Charlton Heston died Saturday night. This story from the Associated Press describes his achievements as an actor, most notably in historical epics, and then says this:
The actor assumed the role of leader offscreen as well. He served as president of the Screen Actors Guild and chairman of the American Film Institute and marched in the civil rights movement of the 1960s.
With age, he grew more conservative and campaigned for conservative candidates. In June 1998, Heston was elected president of the NRA, for which he had posed for ads holding a rifle.
Note how the change to being considered "more conservative" is reflexively attributed to a change in the man rather than a change in the times.
Many folks on the left seem to be completely clueless that a person can be considered "liberal" at one point in time and "conservative" at another without an iota of change in his own positions, but purely because of the change in the positions those labels are used to represent.
In Mr. Heston's case, there is no inconsistency whatever between marching for racial equality in the 1960s and campaigning for the right to bear arms in the 1990s and 2000s.
A few years ago, Harry Stein wrote a book about the experience of having the ideological ground shift beneath you. The great title is How I Accidentally Joined the Vast Right-Wing Conspiracy (and Found Inner Peace). Stein recounts his years as a confirmed and proud liberal.

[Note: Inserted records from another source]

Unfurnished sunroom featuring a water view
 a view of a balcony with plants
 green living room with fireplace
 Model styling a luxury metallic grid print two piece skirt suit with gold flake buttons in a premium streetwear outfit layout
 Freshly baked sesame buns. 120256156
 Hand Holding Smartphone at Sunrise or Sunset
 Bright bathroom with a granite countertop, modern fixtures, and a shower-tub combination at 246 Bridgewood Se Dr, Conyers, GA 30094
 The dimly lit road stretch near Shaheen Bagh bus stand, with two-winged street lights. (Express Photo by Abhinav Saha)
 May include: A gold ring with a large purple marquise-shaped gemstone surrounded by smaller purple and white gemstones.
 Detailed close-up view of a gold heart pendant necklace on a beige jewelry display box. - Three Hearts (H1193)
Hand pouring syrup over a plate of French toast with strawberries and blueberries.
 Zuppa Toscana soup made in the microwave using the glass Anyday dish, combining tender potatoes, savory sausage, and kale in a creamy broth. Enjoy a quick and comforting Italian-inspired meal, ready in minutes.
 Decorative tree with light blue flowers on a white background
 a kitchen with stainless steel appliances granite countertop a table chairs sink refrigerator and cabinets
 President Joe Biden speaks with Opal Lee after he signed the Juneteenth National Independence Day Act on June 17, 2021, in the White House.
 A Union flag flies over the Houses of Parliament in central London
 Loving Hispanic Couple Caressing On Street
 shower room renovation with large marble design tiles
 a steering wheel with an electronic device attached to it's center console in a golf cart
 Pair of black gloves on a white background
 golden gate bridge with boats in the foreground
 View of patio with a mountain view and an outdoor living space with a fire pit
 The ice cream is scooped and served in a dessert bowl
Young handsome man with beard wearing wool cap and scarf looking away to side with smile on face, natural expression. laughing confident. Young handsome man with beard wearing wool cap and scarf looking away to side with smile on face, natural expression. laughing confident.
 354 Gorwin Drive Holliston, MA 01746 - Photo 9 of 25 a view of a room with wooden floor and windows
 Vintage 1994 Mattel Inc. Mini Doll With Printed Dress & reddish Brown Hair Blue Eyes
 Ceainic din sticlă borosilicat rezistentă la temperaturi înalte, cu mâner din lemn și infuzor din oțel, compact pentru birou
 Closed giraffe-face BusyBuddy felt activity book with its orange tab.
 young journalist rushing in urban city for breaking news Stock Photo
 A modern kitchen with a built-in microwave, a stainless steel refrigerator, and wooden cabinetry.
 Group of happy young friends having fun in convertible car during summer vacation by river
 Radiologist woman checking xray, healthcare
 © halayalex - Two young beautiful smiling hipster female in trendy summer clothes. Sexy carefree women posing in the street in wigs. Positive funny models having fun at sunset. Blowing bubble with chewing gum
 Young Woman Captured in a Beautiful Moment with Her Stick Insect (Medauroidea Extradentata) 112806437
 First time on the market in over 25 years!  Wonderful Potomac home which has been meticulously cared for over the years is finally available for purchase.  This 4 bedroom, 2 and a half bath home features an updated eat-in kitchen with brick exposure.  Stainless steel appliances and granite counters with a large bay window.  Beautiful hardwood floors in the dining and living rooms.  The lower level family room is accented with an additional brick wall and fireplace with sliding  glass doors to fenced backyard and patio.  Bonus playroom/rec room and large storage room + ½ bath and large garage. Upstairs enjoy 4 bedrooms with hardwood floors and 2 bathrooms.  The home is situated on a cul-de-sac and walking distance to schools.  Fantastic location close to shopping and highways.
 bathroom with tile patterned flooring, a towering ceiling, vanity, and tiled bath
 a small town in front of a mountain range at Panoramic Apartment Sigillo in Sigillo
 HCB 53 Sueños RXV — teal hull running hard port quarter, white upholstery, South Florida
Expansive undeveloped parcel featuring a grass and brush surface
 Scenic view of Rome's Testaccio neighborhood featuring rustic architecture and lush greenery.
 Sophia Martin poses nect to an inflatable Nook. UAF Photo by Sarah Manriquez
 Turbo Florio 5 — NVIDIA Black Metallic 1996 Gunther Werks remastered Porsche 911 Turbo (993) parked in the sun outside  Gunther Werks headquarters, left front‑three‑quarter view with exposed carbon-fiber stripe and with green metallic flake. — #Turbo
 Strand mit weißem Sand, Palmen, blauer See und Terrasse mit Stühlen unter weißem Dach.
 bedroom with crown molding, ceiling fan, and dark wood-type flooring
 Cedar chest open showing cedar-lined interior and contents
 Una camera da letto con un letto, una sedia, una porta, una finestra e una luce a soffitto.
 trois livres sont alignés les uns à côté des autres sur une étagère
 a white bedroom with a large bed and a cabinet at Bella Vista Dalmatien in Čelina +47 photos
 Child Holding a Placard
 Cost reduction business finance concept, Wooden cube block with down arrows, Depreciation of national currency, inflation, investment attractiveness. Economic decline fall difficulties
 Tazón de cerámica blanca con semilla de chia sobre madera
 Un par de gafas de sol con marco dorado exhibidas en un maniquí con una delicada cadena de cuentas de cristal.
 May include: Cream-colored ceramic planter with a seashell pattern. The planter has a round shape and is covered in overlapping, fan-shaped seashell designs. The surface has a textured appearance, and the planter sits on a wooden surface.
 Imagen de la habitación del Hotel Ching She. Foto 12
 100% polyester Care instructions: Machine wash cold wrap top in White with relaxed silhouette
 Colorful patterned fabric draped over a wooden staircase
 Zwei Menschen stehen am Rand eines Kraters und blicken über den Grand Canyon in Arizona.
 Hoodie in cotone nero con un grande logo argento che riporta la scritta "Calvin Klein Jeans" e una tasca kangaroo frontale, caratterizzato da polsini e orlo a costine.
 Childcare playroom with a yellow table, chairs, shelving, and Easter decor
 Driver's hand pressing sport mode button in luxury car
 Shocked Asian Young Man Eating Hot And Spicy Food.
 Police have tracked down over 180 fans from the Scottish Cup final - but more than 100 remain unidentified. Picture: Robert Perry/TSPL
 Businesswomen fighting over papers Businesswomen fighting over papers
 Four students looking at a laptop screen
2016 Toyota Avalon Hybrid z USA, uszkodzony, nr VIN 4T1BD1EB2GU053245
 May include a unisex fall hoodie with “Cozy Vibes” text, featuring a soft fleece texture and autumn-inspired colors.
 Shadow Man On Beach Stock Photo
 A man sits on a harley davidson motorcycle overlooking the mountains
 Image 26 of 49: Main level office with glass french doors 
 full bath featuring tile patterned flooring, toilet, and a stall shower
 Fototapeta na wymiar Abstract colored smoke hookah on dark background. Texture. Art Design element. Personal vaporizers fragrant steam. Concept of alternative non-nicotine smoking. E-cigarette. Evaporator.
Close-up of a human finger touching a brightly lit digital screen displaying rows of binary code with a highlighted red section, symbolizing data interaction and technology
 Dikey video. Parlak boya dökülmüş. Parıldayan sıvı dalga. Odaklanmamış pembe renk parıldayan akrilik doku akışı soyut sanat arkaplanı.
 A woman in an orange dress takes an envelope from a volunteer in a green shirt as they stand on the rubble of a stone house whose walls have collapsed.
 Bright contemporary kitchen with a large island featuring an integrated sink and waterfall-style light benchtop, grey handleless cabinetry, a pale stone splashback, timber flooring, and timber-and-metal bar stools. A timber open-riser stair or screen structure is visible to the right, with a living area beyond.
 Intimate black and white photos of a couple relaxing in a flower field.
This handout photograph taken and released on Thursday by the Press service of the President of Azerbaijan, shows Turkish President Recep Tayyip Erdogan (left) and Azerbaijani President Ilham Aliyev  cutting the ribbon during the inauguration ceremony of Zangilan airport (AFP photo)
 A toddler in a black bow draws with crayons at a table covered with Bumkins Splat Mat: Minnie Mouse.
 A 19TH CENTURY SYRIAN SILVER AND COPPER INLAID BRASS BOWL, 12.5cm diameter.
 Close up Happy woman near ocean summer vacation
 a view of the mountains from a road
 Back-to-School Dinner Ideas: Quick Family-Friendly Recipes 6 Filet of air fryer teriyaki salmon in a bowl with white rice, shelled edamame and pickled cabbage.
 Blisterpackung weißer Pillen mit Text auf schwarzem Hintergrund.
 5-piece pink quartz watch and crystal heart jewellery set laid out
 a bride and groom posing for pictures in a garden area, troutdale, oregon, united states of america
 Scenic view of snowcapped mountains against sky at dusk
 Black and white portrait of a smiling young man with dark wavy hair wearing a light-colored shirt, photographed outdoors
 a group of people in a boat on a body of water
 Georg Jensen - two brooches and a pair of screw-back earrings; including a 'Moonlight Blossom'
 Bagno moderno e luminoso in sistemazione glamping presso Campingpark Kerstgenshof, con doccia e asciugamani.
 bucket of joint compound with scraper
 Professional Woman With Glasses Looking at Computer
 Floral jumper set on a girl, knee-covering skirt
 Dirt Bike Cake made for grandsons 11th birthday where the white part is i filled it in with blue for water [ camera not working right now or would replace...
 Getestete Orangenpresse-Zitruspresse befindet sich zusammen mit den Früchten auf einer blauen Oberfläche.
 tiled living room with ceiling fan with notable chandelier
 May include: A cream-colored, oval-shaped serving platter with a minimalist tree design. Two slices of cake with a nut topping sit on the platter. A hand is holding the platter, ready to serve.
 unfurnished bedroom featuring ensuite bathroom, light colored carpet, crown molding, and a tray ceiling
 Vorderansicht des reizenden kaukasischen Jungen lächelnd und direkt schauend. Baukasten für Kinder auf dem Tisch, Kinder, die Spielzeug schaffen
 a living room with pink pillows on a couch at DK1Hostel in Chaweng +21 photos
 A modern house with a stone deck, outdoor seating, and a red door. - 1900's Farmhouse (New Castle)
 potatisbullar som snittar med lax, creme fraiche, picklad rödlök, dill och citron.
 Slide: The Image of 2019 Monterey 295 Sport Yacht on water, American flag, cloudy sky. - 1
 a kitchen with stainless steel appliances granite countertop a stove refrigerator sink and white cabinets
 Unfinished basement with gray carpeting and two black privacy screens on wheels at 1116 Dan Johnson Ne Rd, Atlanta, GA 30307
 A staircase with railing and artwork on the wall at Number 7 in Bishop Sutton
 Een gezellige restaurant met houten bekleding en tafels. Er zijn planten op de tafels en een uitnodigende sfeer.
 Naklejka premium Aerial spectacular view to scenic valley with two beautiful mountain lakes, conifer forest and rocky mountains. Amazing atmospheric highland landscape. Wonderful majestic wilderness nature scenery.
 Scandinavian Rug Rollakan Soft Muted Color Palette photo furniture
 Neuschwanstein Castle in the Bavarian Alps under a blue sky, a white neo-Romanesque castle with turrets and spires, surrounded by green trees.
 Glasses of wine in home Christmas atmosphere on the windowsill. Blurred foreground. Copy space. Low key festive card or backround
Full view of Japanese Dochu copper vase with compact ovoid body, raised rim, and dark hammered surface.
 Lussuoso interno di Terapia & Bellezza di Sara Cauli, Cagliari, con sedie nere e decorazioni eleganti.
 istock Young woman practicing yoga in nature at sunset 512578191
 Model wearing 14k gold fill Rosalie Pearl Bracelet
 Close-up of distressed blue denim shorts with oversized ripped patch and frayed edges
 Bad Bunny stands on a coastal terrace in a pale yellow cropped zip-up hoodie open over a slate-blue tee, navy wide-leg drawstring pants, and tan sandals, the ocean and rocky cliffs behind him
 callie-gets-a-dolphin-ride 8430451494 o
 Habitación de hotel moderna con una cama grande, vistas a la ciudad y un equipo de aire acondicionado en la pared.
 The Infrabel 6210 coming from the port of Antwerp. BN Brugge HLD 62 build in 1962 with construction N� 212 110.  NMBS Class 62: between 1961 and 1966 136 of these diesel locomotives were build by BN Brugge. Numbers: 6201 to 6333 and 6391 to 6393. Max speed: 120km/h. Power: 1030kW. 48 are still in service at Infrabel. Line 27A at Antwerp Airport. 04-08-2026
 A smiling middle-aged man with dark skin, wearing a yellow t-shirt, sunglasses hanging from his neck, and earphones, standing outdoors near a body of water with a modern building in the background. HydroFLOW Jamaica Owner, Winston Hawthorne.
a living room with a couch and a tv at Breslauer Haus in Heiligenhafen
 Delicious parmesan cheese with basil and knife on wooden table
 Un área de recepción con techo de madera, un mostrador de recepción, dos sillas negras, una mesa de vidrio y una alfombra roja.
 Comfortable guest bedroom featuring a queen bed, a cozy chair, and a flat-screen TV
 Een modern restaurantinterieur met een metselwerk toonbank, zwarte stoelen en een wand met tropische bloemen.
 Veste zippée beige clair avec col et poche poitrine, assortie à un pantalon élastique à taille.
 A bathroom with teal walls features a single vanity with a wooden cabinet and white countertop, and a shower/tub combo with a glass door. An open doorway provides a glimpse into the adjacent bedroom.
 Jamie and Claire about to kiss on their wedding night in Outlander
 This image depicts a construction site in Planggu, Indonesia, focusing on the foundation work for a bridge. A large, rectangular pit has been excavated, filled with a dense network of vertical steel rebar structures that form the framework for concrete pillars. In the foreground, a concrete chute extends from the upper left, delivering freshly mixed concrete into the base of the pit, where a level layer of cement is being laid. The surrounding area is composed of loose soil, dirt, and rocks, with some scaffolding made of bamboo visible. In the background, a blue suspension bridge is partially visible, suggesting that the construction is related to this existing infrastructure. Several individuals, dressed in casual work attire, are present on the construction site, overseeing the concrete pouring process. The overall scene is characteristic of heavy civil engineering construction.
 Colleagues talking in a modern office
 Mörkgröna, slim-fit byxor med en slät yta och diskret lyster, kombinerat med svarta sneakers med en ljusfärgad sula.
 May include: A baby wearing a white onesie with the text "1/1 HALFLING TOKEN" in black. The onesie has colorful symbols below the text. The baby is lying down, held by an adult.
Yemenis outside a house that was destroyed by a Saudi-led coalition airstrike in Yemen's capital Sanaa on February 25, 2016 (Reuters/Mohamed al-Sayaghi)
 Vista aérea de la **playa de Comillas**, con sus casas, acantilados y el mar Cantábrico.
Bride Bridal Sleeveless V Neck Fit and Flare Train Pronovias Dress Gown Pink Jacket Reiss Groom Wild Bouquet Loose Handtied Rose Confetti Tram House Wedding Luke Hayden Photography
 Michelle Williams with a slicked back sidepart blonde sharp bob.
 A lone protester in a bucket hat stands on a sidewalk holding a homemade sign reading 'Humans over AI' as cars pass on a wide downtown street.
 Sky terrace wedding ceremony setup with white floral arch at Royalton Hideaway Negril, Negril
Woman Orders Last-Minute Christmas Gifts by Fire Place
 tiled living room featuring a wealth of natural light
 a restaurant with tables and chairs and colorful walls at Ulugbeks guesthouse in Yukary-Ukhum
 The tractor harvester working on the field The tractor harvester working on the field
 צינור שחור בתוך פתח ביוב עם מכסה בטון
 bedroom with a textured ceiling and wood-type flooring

But then something odd began to happen--mainly to the country, and incidentally to people like me. As feminism and multiculturalism more and more sought to remake society, attacking much that had served humanity well as narrow or even antique, we concluded we could no longer in good conscience remain on that side. There was both too little respect for the accumulated wisdom of the ages and too much playing havoc with truth and common sense. Indeed, many of us were soon startled to find ourselves tagged conservatives (and often worse) for holding firm to the values of old-fashioned liberalism: a bedrock commitment to fairness and individual liberty.
The left wants to deny that today's conservative is often yesterday's liberal because they want to claim the mantle of the civil rights movement in its heyday and paint their opponents as the heirs of George Wallace, dressed up in nicer clothes but the same old racists underneath. Maintaining this myth is essential to their self-image, but myth is exactly what it is.
In 1963, the liberal position was that a person should be judged by the content of his character and not by the color of his skin. In 2008, the liberal position is often to avoid judging a person at all for intentional violations of the most basic rights of others, but instead to find an excuse under any crackpot theory of psychology that suits the purpose. A person who believed the former in 1963 and rejects the latter today has not become more conservative but only been relabeled by a changing society. The old liberal position saw people as individuals and free moral agents, entitled to the rewards of doing the right thing and responsible for the consequences of doing the wrong thing, regardless of what group they may belong to. That position today is "conservative."